現場を経験してわかったフットケアの重要性

高校を卒業して、働きながら看護学校に通い資格を取得し早30年経ちました。
看護学校卒業後は透析以外の分野も経験したいと思っていましたが、透析看護の奥深さを知り現在に至ります。
その中でも、フットケアに出会ったことが、私の看護師としての大きな転機になりました。
透析患者さんは重症下肢虚血になりやすい為、治療には難渋し悩むことが多々あります。
仁誠会クリニック大津は20年前よりフットケアに取り組んでいました。
移動がきっかけで、フットケアチームに入り、それまで、足がいかに大切であるのか考えることはありませんでしたが、
実際に、ほんのささいな傷から切断になる患者さんに出会い、フットケアの重要性を痛感しました。

「足を守りたい」という強い思い

熊本地震で、割れたガラスを踏んでできた足の傷の処置が上位であったという報告もあります。災害が起こった時に逃げる足がないと、自分の命を守ることが出来ません。
また、ケアをしていくなかで、患者さんの思いを聞くことが出来ます。
下肢切断になった患者さんは、足を失った喪失感に加え、ADLの低下やQOLの低下だけでなく、経済的負担や家族の生活にも影響をあたえ、家族の負担になるという思いで、生きる意欲も失くしてしまったと。

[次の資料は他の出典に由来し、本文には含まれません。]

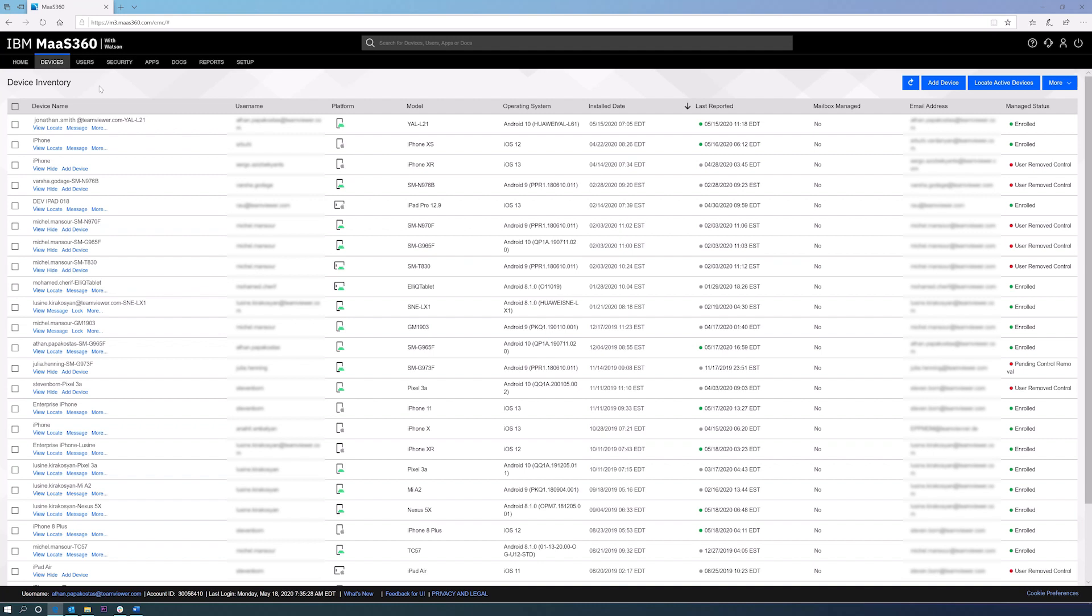This functionality enables administrators to connect to employees' devices to diagnose and troubleshoot any issues while ensuring the device is secure and corporate data is not compromised.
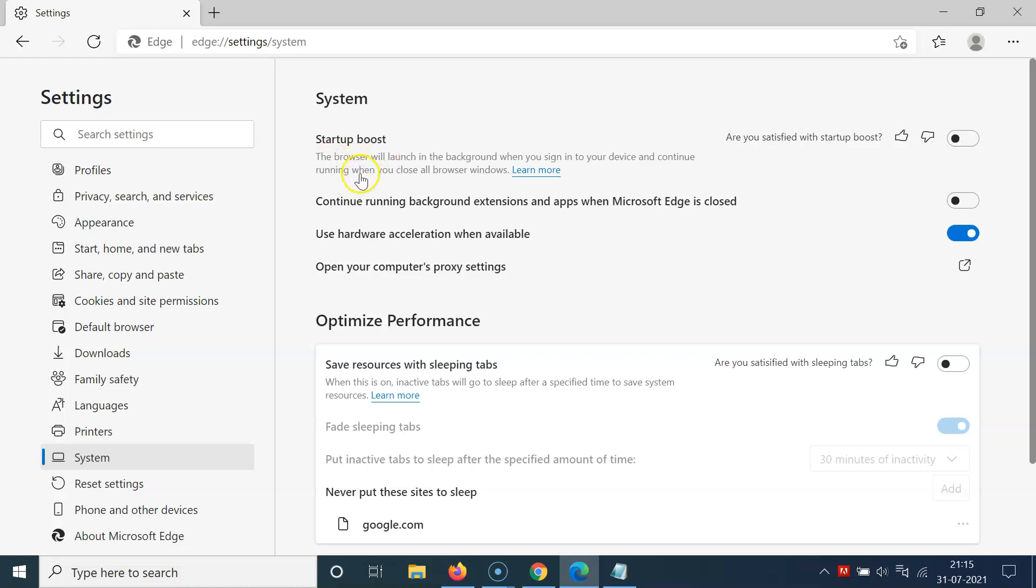Here we have this message. Let's read that: the browser will launch in the background when you sign in to your device and continue running when you close all browser windows.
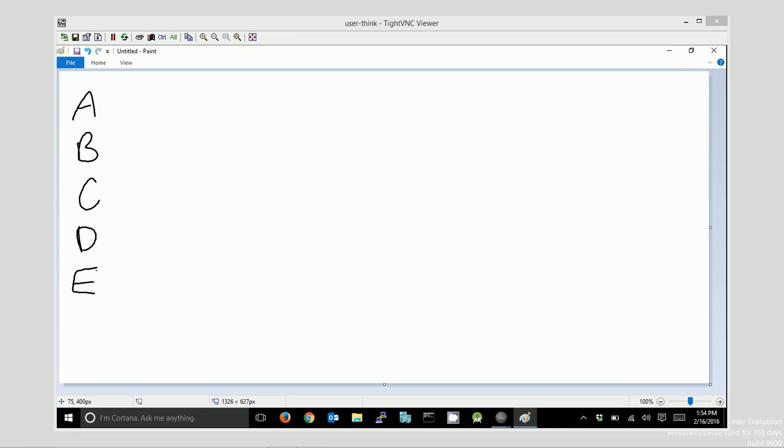Let's say we start with an address that is 183.94.122.73, just for an example. And we need to determine which class of address this would fall into. Well, in order to do that, let's see what the range is on these different figures here, these different address classes.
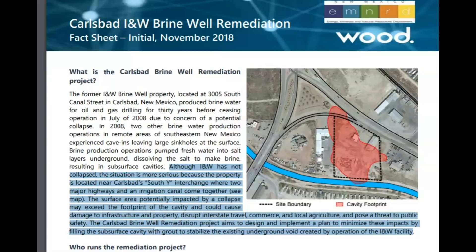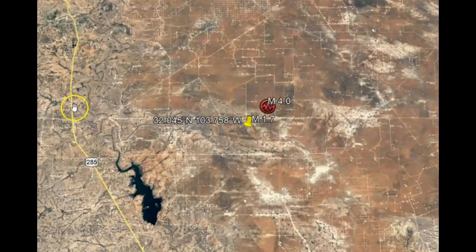Although the I&W has not collapsed, the situation is more serious because the property is located near Carlsbad's South Y interchange where two major highways and an irrigation canal come together. The surface area potentially impacted by a collapse may exceed the footprint of the cavity and could cause damage to infrastructure and property, disrupt interstate travel, commerce, and local agriculture, and poses a threat to public safety. What they're doing now is filling the cavity with grout to stabilize the existing underground void created by the I&W facility.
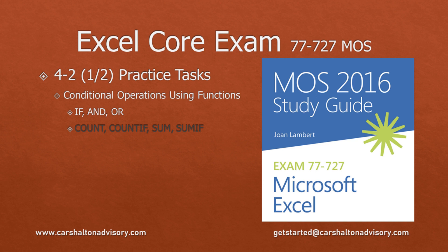This is Craig with Karshulten Advisory. In this video we're going to prepare you for writing the Excel 2016 Core Exam by walking you through the practice task for Objective 4-2, Performing Conditional Operations. Let's get started.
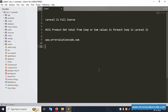Hello everyone, my channel Error Solution. Today I'm discussing Laravel 11 full course, part 131 - product get total from loop, for sum value, for-in foreach loop in Laravel 11. This is my official website www.errorsolutioncode.com. Let's start.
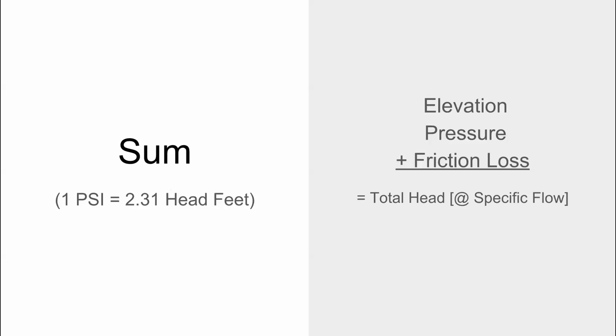We're going to work on putting together some additional videos on reading a pump curve, understanding suction head, and kind of walk through the steps here. So stay tuned, make sure to like and subscribe for more videos like this. We really appreciate you watching. If you have any questions, leave those in the comments below - we'd love to hear from you and get back to you. Thanks for watching, have a great day.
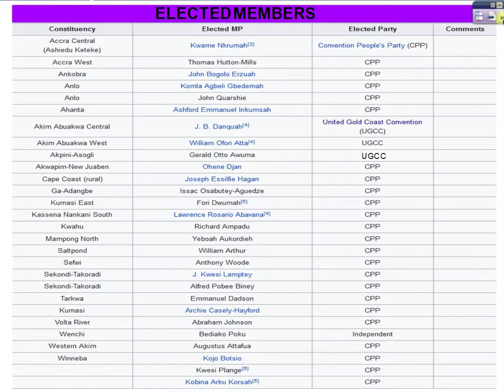Well, that was a short video on the election in 1951. Now, let's look at some of the members who were elected on that day.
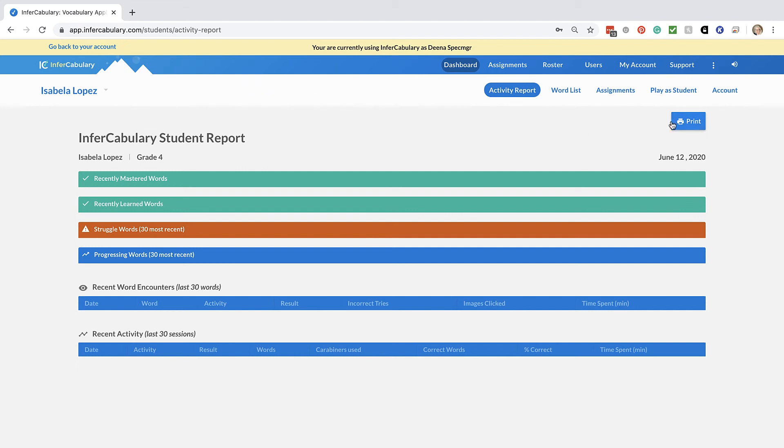We have a print button so you can print out the report for your own records or to share with the parents so they can see how their child is doing. It's that easy to do within InVocabulary.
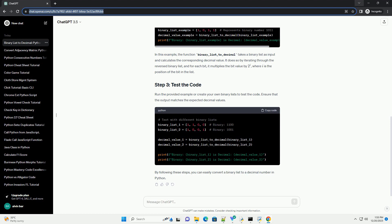Example: 527 in base 10 is 5 times 10^2 plus 2 times 10^1 plus 7 times 10^0.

もっと早く気づいていれば・・・・。
この経験から「足を守りたい」という思いが強くなっていきました。

自分の足に関心を

勉強会やセミナー・学会に参加し驚いたのは、欧米には「足病医」という足の治療の専門家がおり、適切な治療を行うシステムが整っているということです。
日本では足にトラブルを抱えていてもどの診療科に受診すればよいかわかりません。
足を守るためには、足の異変をいち早く発見し、早期のうちに治療を行う事そのシステムを整えることが一番の近道だと熱い思を講演で聴き感銘を受けました。
透析室で働く、私たち看護師の役割は、透析だけするのではなく患者さん自身、質の高いQOLを保てるように自分の足で通院できることも重要であると考えます。
そのために看護師として出来る事は何だろう。もっと足について勉強し足の大切さを患者さんに伝えていかなければと思いました。

地域に拡げるフットケア

一般社団法人フットケア学会にはフットケア指導士という認定資格があることを知り、実務経験の提出、セミナーの受講、試験などを終えて資格を取得しました。
取得後は法人内でフットケアMTを開催し、情報の共有を行いスタッフの足への関心を引き出すことが出来たと思います。
毎年、学会に参加し、足に対する熱い思いが集結した仲間に刺激を受け、活動の一環として、熊本のフットケア指導士数名と足仲間で、2月10日のフットの日に啓蒙活動とし講演・実技講習や、学会での指導士による[絆でつなぐフットケア]実践たすきリレーへ参加し、県外の指導士や医師、他職種との繋がりもできました。
今後は、透析患者さんだけでなく地域へ、フットケアの重要性を広げることを目標に活動していきたいと考えています。
また、患者さんの望む人生を共に考え、寄り添い、私の看護師人生をかけて足を守るためにできることを全力で行いたいと思っています。